Sus primeros largometrajes se internan en temas irritantes para una sociedad bañada por el bienestar económico que, muertos aparte, la Segunda Guerra Mundial le había traído: el pacifismo (El chico del cabello verde, 1949), los prejuicios raciales (Los proscriptos, 1950), la corrupción policial (El merodeador, 1951). Era fatal que Losey se convirtiera en materia punible para el senador McCarthy, que ya había mandado a la cárcel a los Diez de Hollywood por su presunto comunismo. Losey deja el país, dirige una película en Italia con el seudónimo de Andrea Forzano y se instala en Londres. Allí frecuenta trabajos mal pagos y anónimos en series de televisión y films de presupuesto escaso. Vuelve a entrar en un clima de represión y censura, especialmente en 1954, año del film El tigre dormido, película que inicia su fecunda colaboración con Dick Bogarde: el entonces ministro del Interior de Gran Bretaña, David Maxwell Fyfe, se entretenía en expulsar de la universidad a profesores izquierdistas, perseguir a prestigiosos editores por publicar libros "obscenos" y castigar a homosexuales con procesos escandalosos que repetían, décadas después, el incoado contra Oscar Wilde. Pero Losey seguía atemorizando a colegas británicos y encrespando a funcionarios de la oficina de censura: critica la imposición de la pena de muerte (Tiempo sin piedad, 1956, la primera obra que firma con su nombre en Inglaterra), otra vez la corrupción policial (Cita a ciegas, 1959), el sistema penitenciario vigente (El criminal, 1960) y las posiciones oficiales ante el peligro de un holocausto nuclear (Los condenados, 1961). El Departamento de Estado exige que Losey le devuelva el pasaporte y su situación se torna más precaria: nunca sabe si le renovarán la estadía y/o el permiso de trabajo.

Con El sirviente (1963) -–una de las obras cinematográficas que escrutan con más lucidez el tema del poder--, Losey alcanza una estatura europea que se le había ya reconocido en Francia. El guión pertenece al dramaturgo inglés Harold Pinter, quien también escribe los de Accidente (1967) y El intermediario (1971), Gran Premio del Festival de Cannes. Ni en el exilio inglés, ni en el francés que se prolongó de 1975 a 1983, podrá llevar a cabo proyectos, incluso en estado de preproducción avanzada, que, como Bajo el volcán -–basado en la novela homónima de Malcolm Lowry--, soñaba con filmar: Losey no fabricaba productos comerciales. En cambio, dirigirá Casa de muñecas, la mejor adaptación hasta hoy en día de una obra de Ibsen. Fallecerá en 1984 con 32 años de destierro en las espaldas.

Losey no se limitó a ser efecto brillante del exilio.

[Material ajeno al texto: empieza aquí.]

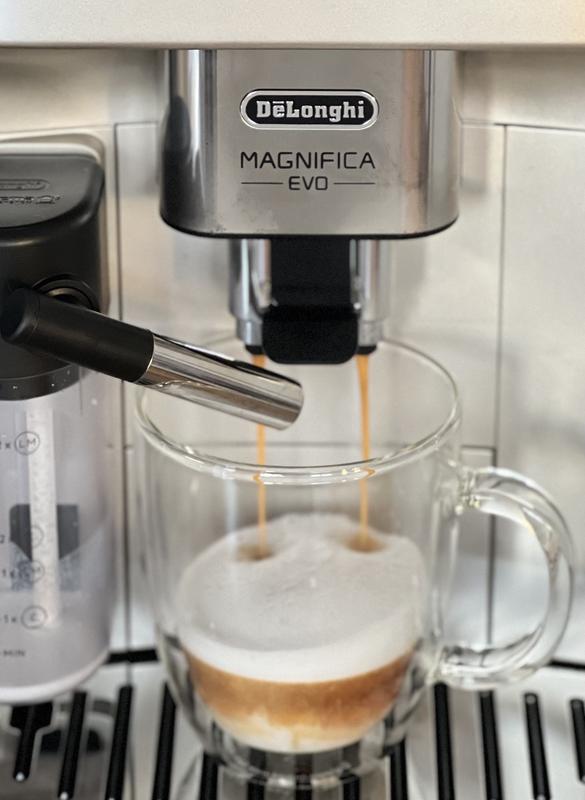 Magnifica Evo Espresso Machine with Frother De Longhi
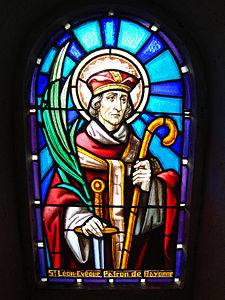 Issor (Pyr-Atl, Fr) vitrail 6 St. Léon évêque patron de Bayonne.JPG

Supo siempre que el suyo -–como el de millones de personas en todo el planeta, como el de miles de argentinos bajo la dictadura militar-- era consecuencia de la opresión y necesitó develarla para aviso de quienes desean una sociedad más justa. Mostró sin forzados dogmatismos que un hombre liberado no necesariamente es un hombre libre, que la liberación es un camino hacia la libertad, que esas dos palabras no son sinónimos. Con su arte procuró incidir en las causas que trazaron su destino, semejante al de tantos otros. Lo hizo con un estilo barroco, sensible al paisaje urbano y cuidadoso de sonido, de rara calidad. Sólo en Rey y país, filmada en 1964, año del 25º aniversario del comienzo de la Segunda Guerra Mundial, volvió a la austeridad y la dura sencillez de sus primeras películas.

Le reprochaban el carácter pendenciero y difícil, su alcoholismo, la propensión a fabular su pasado -–que también padecieron Chaplin, Hitchcock, Griffith, Ford, o von Stroheim--, como si lo mirara desde afuera, explorando su vida como una hipótesis. Quizás porque se había quedado a solas con su arte, sin nada ni nadie entre los dos. Quienes trabajaron con él pensaban de otro modo. Para Chic Waterson, uno de sus más sutiles camarógrafos, Losey "fue el más grande". Harold Pinter, cuyos mejores guiones son los que escribió para Losey, dijo sencillamente, casi a manera de epitafio: "Yo lo quería".